I’m embarrassed to admit it, since it’s such a cliché, but I’ve been bingeing on a lot of Netflix. I just finished Ozark. In terms of films, I’ve never been a really big fan of sitting in movie theaters—you’ll more likely find me at a concert, especially outdoors at the Santa Barbara Bowl. But I’ve been using this period to catch up on a lot of movies. The latest was Ford vs. Ferrari.
I just finished two books that were written a few years ago by Alice Steinbach, Without Reservations and Educating Alice. The author was a journalist and decided to take a year off and travel. In the first book she stayed in various places throughout Europe, and in the second she wrote about taking classes in various cities. Like, she learned how to herd sheep in Scotland, and she visited Jane Austen’s hometown. In Japan, she learned flower decorating and took classes from geisha. That’s kind of one of my dreams, too.
What are you doing to spend quality time with those you’re sheltering with?

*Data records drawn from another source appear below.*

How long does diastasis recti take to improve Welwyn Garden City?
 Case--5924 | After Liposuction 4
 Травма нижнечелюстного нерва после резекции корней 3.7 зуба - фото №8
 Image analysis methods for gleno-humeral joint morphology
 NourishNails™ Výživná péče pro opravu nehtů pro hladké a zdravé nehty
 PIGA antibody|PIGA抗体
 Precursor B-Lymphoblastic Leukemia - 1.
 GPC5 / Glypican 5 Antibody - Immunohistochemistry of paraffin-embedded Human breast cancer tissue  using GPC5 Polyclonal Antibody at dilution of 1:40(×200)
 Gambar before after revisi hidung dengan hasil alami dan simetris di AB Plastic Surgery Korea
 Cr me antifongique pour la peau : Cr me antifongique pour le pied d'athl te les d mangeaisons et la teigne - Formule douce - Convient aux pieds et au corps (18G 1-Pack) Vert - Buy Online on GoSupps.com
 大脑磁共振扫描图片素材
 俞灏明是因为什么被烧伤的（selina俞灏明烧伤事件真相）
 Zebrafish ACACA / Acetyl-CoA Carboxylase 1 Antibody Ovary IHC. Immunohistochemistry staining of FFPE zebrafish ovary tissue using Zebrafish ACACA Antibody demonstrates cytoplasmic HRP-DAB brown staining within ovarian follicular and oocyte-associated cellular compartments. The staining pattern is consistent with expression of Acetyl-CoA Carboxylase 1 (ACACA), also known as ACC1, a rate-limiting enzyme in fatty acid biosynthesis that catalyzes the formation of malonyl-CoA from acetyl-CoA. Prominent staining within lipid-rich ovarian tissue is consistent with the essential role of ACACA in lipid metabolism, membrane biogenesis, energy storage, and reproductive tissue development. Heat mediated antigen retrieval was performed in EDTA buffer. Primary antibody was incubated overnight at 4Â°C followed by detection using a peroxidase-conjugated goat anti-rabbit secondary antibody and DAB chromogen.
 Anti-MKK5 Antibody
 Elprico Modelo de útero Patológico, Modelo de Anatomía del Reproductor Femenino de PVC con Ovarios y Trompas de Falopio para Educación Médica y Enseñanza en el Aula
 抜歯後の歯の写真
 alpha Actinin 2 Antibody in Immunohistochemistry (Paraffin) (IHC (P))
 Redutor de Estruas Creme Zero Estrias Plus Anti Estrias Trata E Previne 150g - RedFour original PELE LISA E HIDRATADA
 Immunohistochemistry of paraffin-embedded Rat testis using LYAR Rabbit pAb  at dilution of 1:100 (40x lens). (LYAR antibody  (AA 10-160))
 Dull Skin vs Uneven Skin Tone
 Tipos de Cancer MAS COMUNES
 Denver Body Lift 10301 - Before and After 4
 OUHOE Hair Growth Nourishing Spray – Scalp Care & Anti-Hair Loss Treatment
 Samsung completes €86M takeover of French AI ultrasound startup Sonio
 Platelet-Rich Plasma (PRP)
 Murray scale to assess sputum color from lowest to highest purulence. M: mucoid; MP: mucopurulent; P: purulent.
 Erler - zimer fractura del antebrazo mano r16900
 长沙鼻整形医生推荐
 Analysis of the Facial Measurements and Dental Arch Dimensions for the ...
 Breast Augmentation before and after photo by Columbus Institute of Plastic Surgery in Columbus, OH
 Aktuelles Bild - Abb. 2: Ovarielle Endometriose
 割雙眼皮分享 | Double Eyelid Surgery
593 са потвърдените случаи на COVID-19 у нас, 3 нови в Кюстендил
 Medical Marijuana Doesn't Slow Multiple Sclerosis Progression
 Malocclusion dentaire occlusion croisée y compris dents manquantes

I’ve been spending a lot of time outdoors with my husband. We live in a location where it’s very easy to do so. I’m always at the beach. We’re always biking, kayaking in the harbor.
During this whole period, I’ve really been realizing the importance of slowing down and appreciating life. I didn’t realize how busy I was until now. You don’t know until you stop. It’s something I struggled with at the beginning—I like to go at a fast pace.
What are you doing to stay healthy mentally and physically?
Honestly? I’ve been focusing on fixing up my home. Call it decoration therapy. I’ve been repurposing rooms, getting rid of items I don’t need, repainting. We’re focusing right now on a lot of home spruce ups. My poor husband, I’m just directing him. We’ve already wallpapered walls, repainted the back bedroom and been looking at the office. They are all things I didn’t have time to focus on before.
Where are you dreaming of visiting once things are back to normal?
I love road trips. They’re probably my favorite travel experience. Road trips allow you to stop and really explore areas that you’ve never seen before in the past, instead of just flying from point A to B. So, we’ll probably go up and down the coast, as far north as Mendocino. We also had a trip to Santa Fe that we may reschedule. We’ll do Western regional travel now and East Coast trips next summer. There are so many places to discover in our own backyard.
I should add that I’m a planner, not only on a professional level but on a personal level. So, in pre-COVID-19 life, I was constantly making plans with friends, entertaining at home. Those are things that I’m looking forward to getting back to, entertaining friends and family and enjoying our local Santa Barbara wines. For now, we have a big responsibility.